Store, Visualize and Analze SCADA history data in IT LAN / through secure internet access

Store the data in a database for better data integrity, faster data access and data manipulation
In order to store minute-wise data, each measurement creates 1440 samples per day. Our requirement is to store at least 1000 measurements per day. Hence we need to store more than 1000*1440 samples (database row) per day. This means, we need to store huge amounts of data preserving the speed of data access and data manipulation
The user should have flexibility to add / remove the measurements that are being ingested into the database.
Create a script that triggers the data ingestion process using SCADA text files every day so as to keep the database upto date
Create a secure web portal that enables users to visualize or analyze the database from the public internet

We are using PostgreSQL which is an opensource database to store the data.
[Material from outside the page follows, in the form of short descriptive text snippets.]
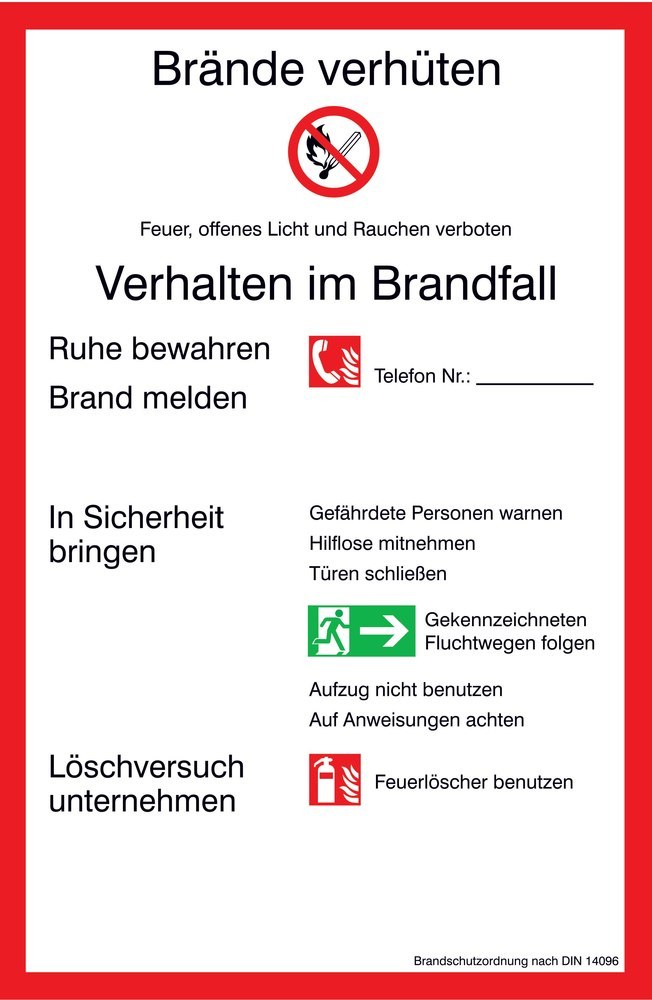 SafetyMarking Verbotsschild Aluminium B2 00xH300 mm Brandschutzverordnung BRD Produktbild img1 L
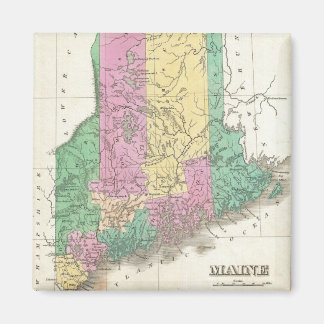 Imán Mapa de época de Maine (1827)
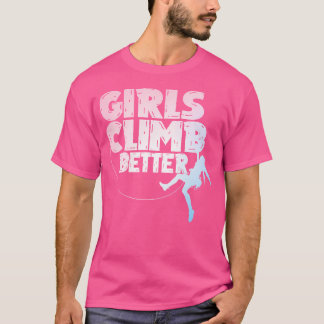 T-shirt Cool Rock Climber Art Pour Femmes Filles Rocher In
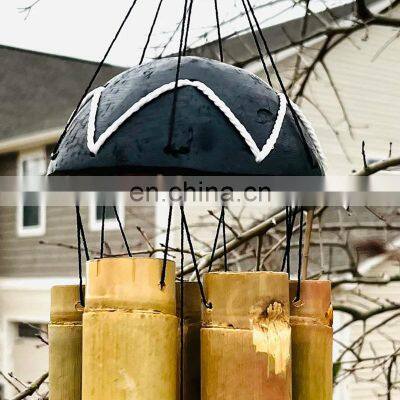 Hot Sale Bamboo Wind Chime, Garden Yard Patio Balcony Outdoor Indoor Wind Chimes Hanging Decoration Vietnam Supplier photo-3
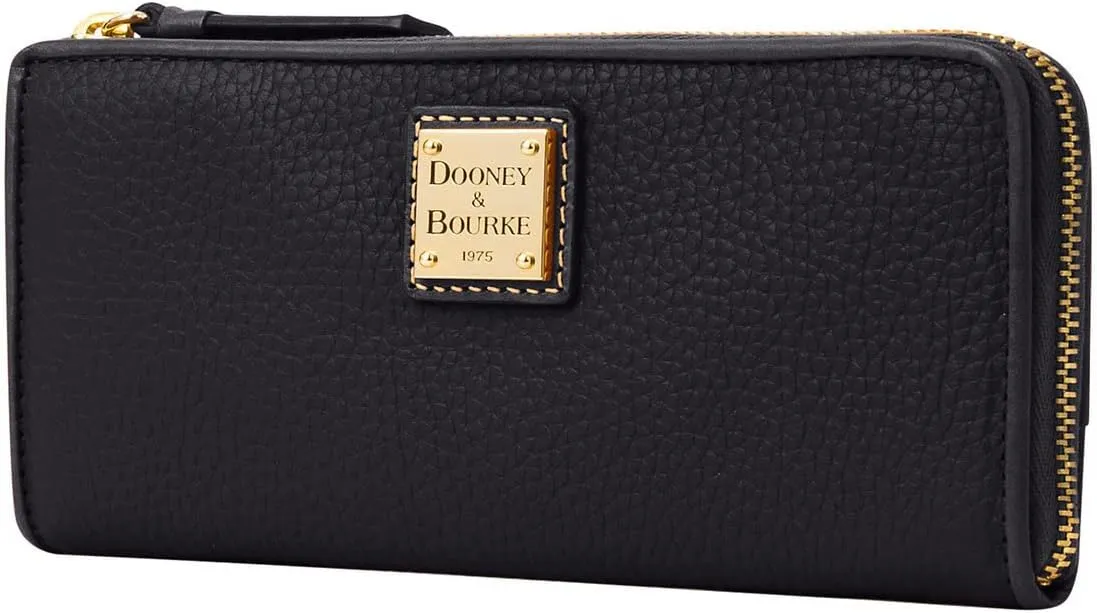 Dooney & Bourke Handbag, Pebble Grain Zip Clutch Wallet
In order to store millions of rows in a single database table, we are using TimescaleDB, which is an opensource extension of PostgreSQL. TimescaleDB partitions a single timeseries table into multiple tables (chunks) based on time. This table partitioning enables faster data access and data manipulation compared to traditional relational databases.
User can manipulate an excel sheet that defines which measurements will be ingested into the database.
To ingest the data daily into the database, we have created a python script that triggers daily at a user defined time.
To enable data access or data analysis over the internet with security, we have hosted a web server that use ASP.NET Core Web framework.